Top of Input material
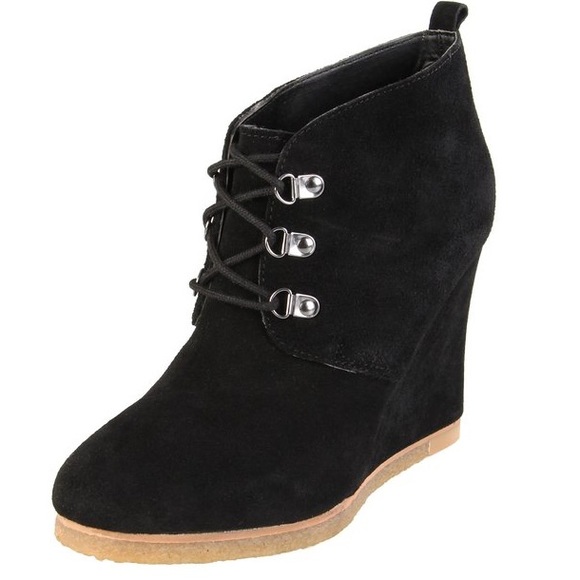 🎀 Steve Madden Tanngoo Black Bootie 🎀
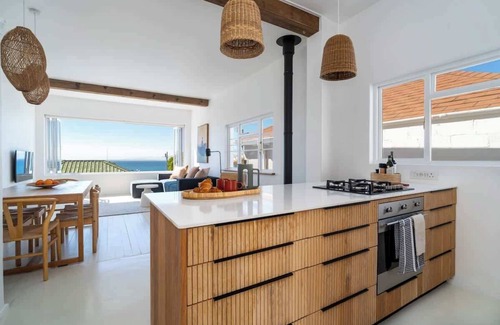 Redhill House | SongBird in Simon's Town + Outdoor Bath & Sea View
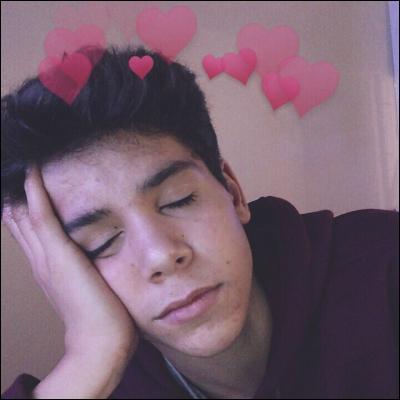 Sur quel réseau social a-t-il posté cette photo ?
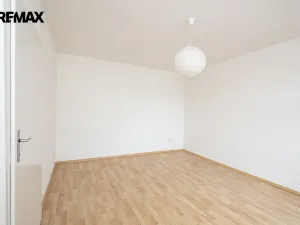 Pronájem bytu 1+1, Strakonice - Strakonice II, Komenského, 52 m2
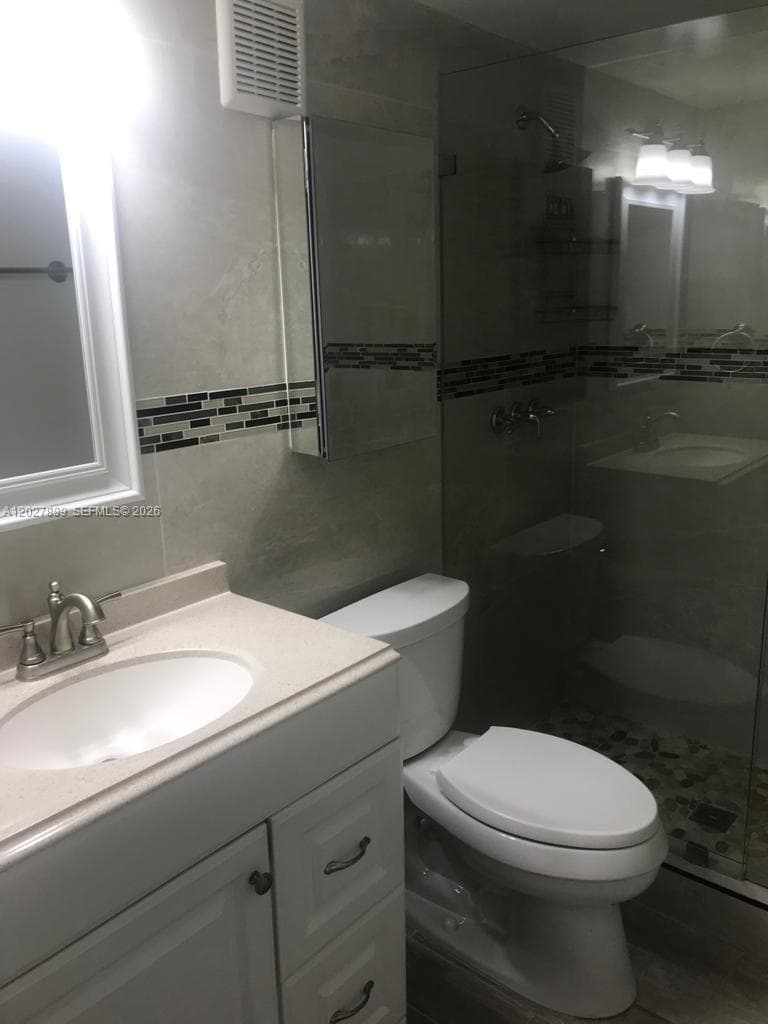 6740 NW 175th Ln # 20, Hialeah FL 33015 — 9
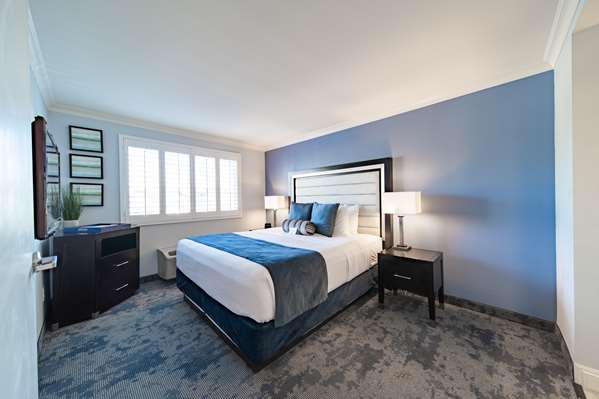 Suite - Best Western Plus Manhattan Beach Hotel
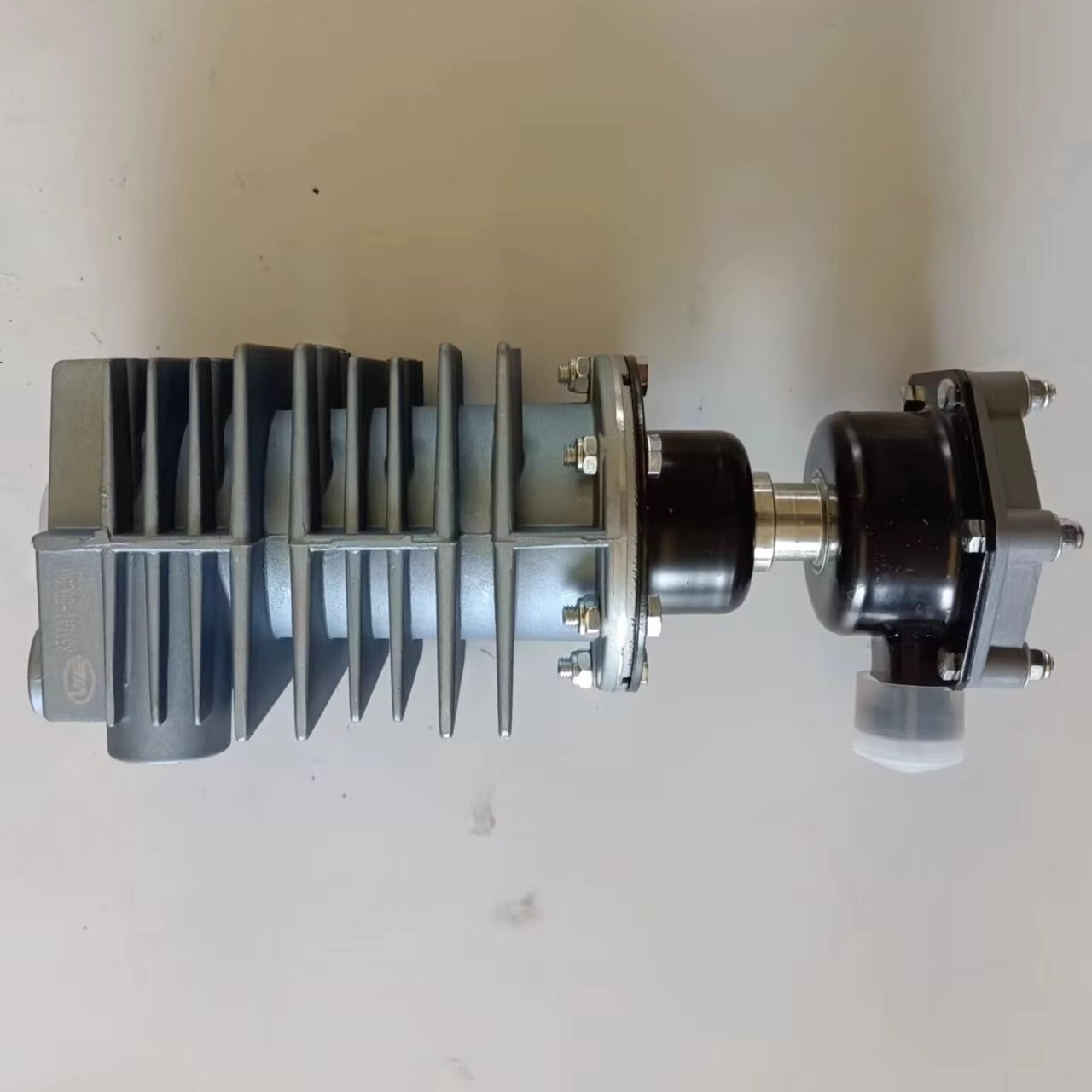 HIGER Bus Accessories air Conditioning System 35MA1-50030 air Conditioner Condenser 35ACC-00520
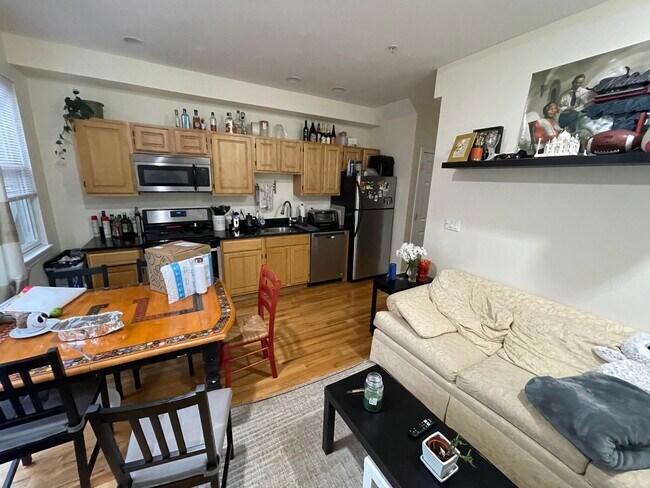 13 Sewall St unit 1, Boston, MA 02120 - photo 5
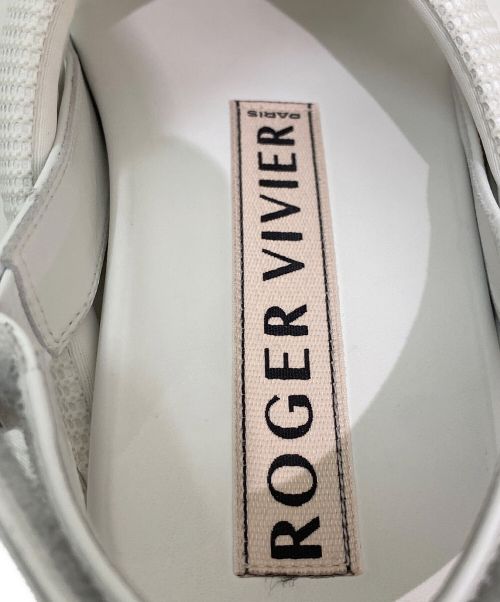 Roger Vivier（ロジェ ヴィヴィエ）Roger Vivier (ロジェ ヴィヴィエ) エンベリッシュドバックルサンダル ホワイト サイズ:35の古着・服飾アイテム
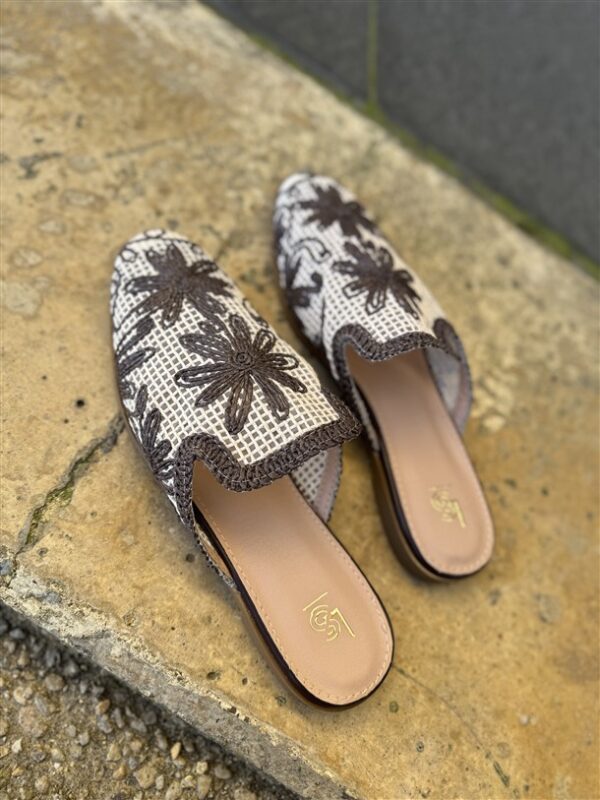 68-418 Soft Bloom Mule Bruin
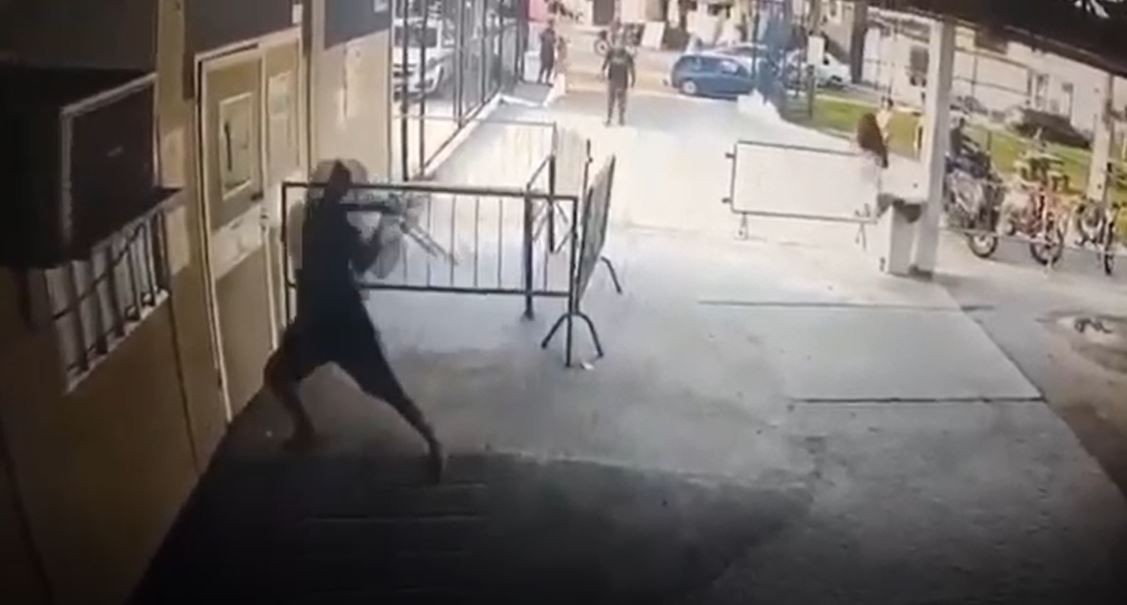 Imagem da noticia Homem quebra UPA em Bangu após morte da companheira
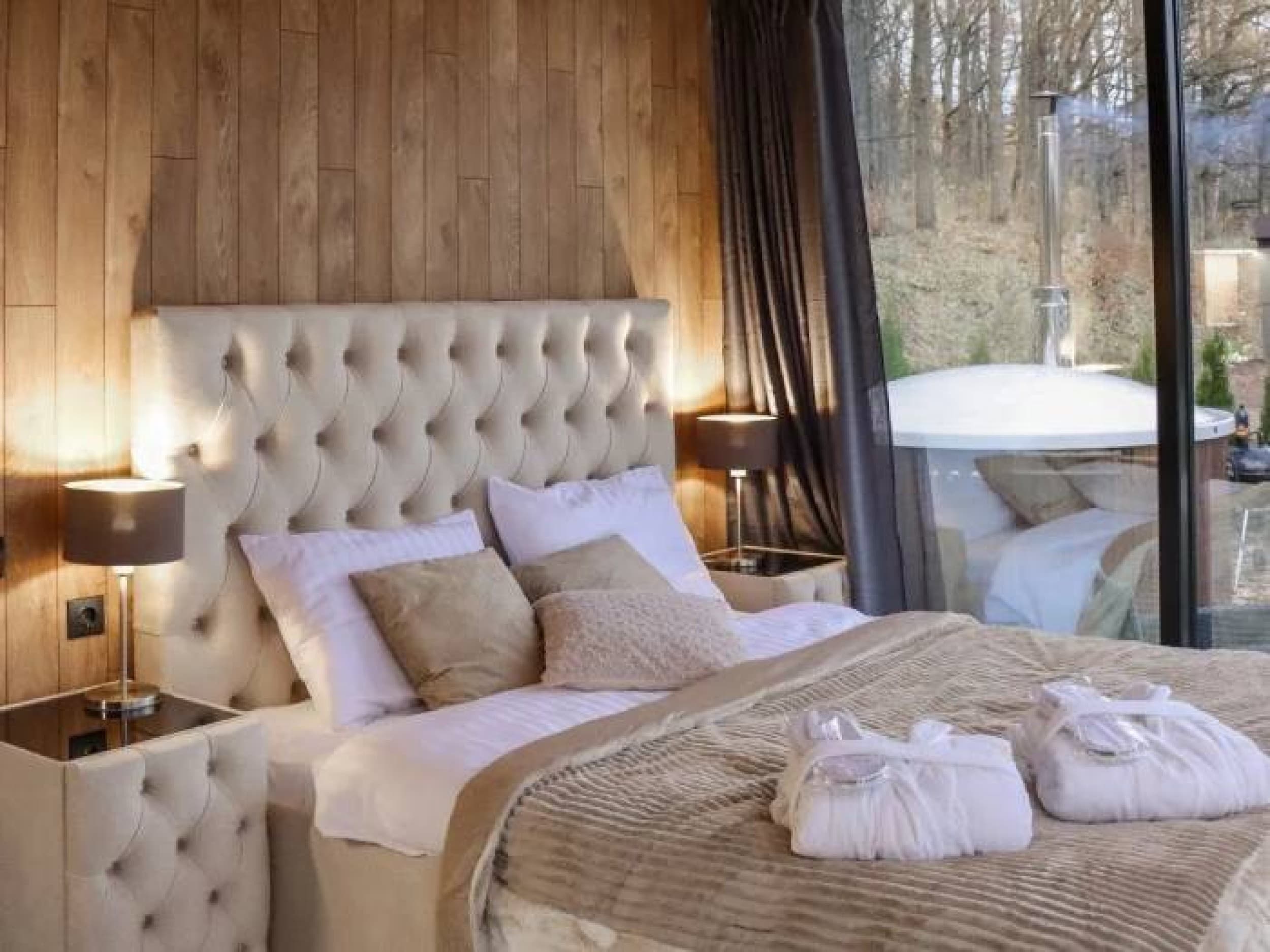 Lieliska nakts spoguļmājā Murjāņos ar SPA (2 pers., darba dienās) | Davanu Serviss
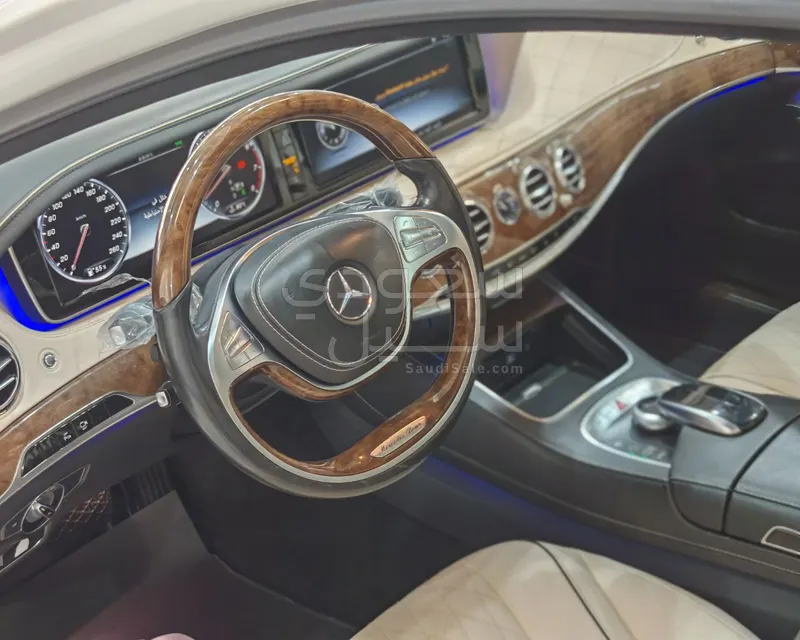 2016 مرسيدس - بنز إس 400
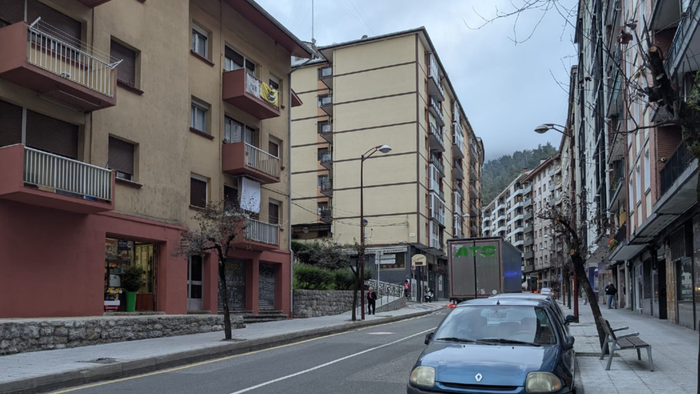 'Besarkada solidarioaren' lapurra identifikatu dute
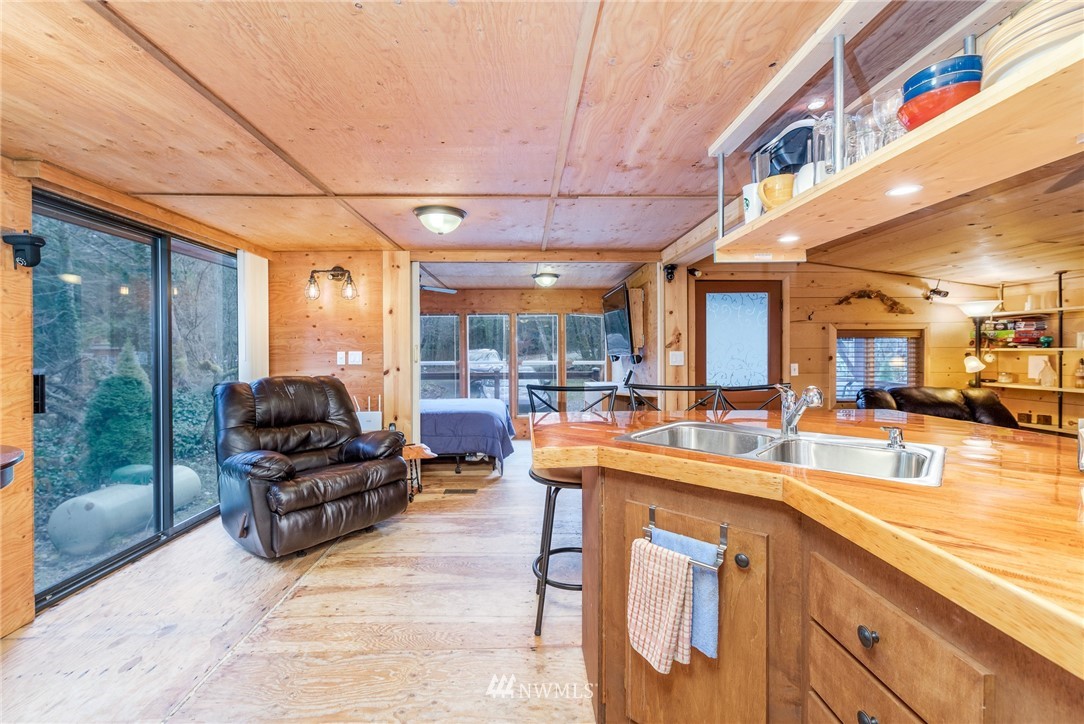 3034 Tower Road Maple Falls, WA 98266 - Photo 16 of 37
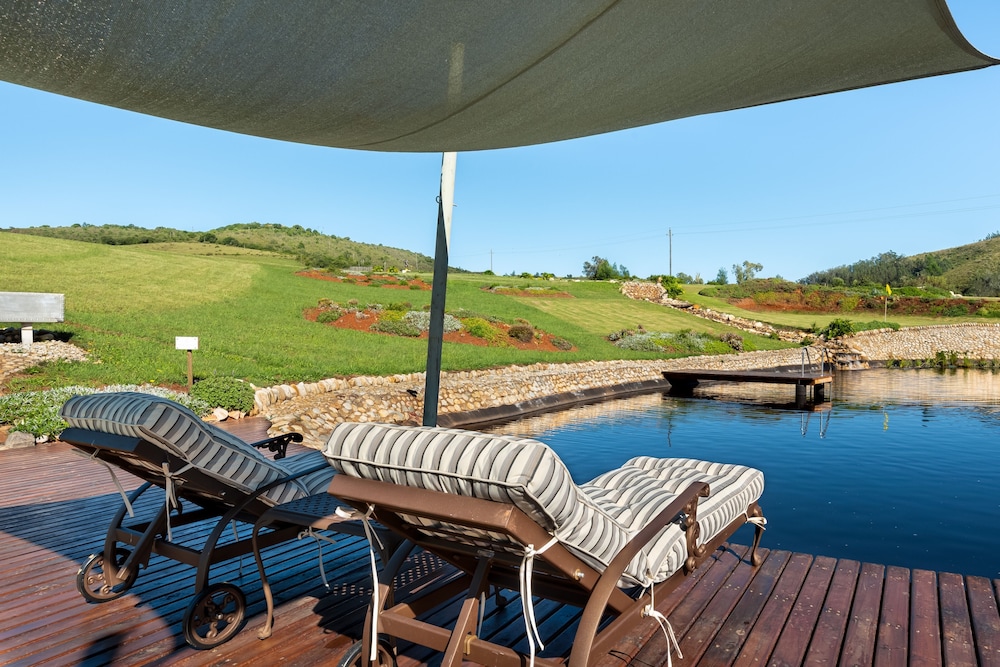 Amazing Riverside Retreat With Hot Tub & Ecopool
Bottom of Input material
## Problem
Retype all of the listing word for word and skip the pictures.

## Expected answer
 🎀 Steve Madden Tanngoo Black Bootie 🎀
 Redhill House | SongBird in Simon's Town + Outdoor Bath & Sea View
 Sur quel réseau social a-t-il posté cette photo ?
 Pronájem bytu 1+1, Strakonice - Strakonice II, Komenského, 52 m2
 6740 NW 175th Ln # 20, Hialeah FL 33015 — 9
 Suite - Best Western Plus Manhattan Beach Hotel
 HIGER Bus Accessories air Conditioning System 35MA1-50030 air Conditioner Condenser 35ACC-00520
 13 Sewall St unit 1, Boston, MA 02120 - photo 5
 Roger Vivier（ロジェ ヴィヴィエ）Roger Vivier (ロジェ ヴィヴィエ) エンベリッシュドバックルサンダル ホワイト サイズ:35の古着・服飾アイテム
 68-418 Soft Bloom Mule Bruin
 Imagem da noticia Homem quebra UPA em Bangu após morte da companheira
 Lieliska nakts spoguļmājā Murjāņos ar SPA (2 pers., darba dienās) | Davanu Serviss
 2016 مرسيدس - بنز إس 400
 'Besarkada solidarioaren' lapurra identifikatu dute
 3034 Tower Road Maple Falls, WA 98266 - Photo 16 of 37
 Amazing Riverside Retreat With Hot Tub & Ecopool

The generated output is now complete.